Given data

○ ○ ○

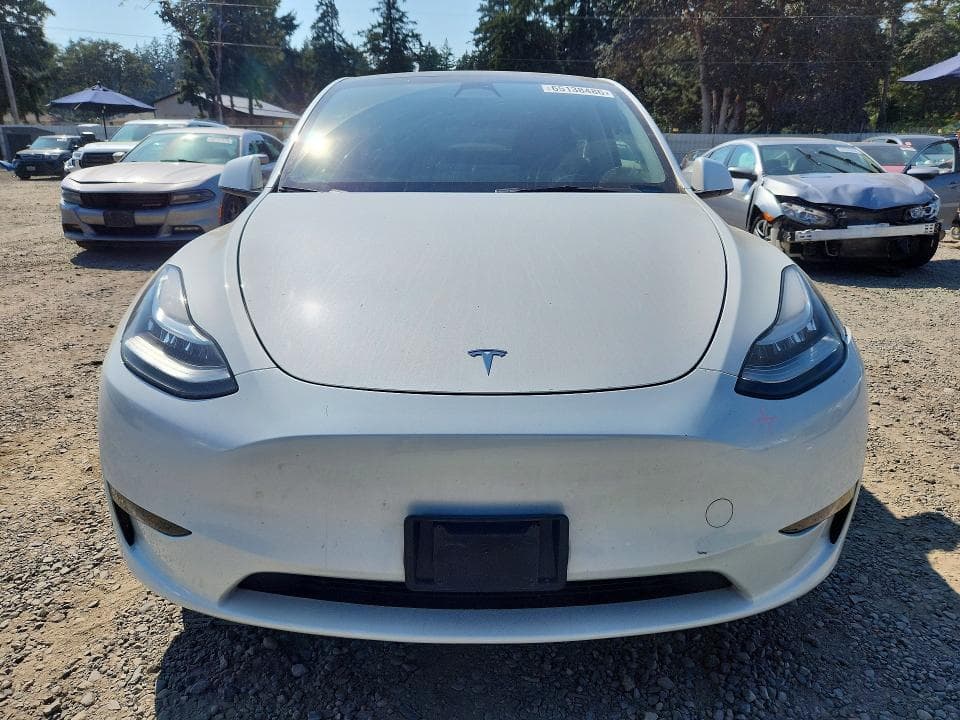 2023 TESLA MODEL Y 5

○ ○ ○

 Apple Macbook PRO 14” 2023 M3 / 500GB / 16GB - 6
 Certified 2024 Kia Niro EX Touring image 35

○ ○ ○

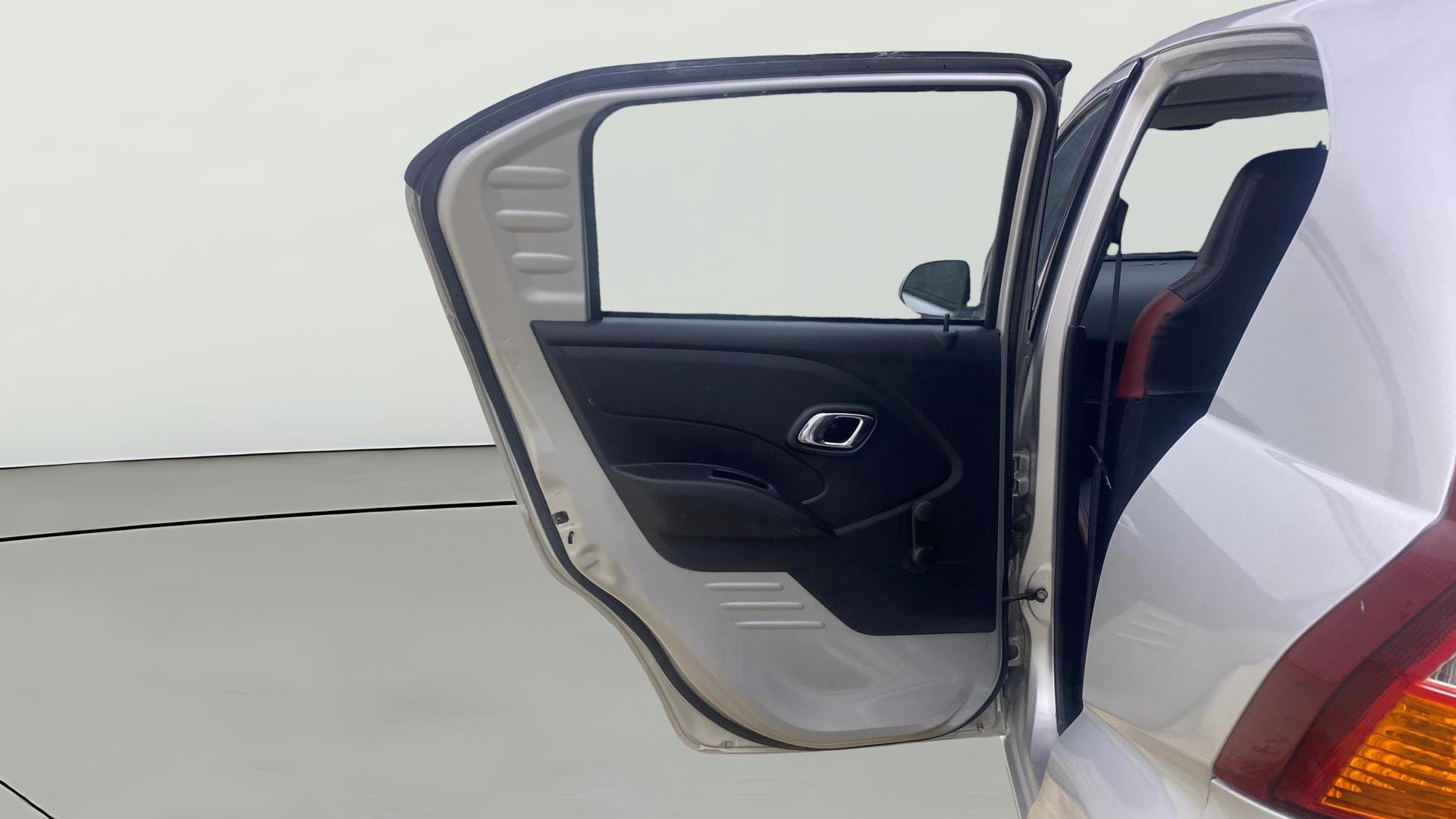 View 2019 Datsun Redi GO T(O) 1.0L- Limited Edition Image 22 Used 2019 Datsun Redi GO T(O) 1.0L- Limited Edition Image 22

○ ○ ○

Brief
The lines above, starting at the one with "Apple Macbook PRO" and ending at the one with "Certified 2024 Kia Niro EX Touring image 35", are the only ones to return, exactly as written.

Solution
 Apple Macbook PRO 14” 2023 M3 / 500GB / 16GB - 6
 Certified 2024 Kia Niro EX Touring image 35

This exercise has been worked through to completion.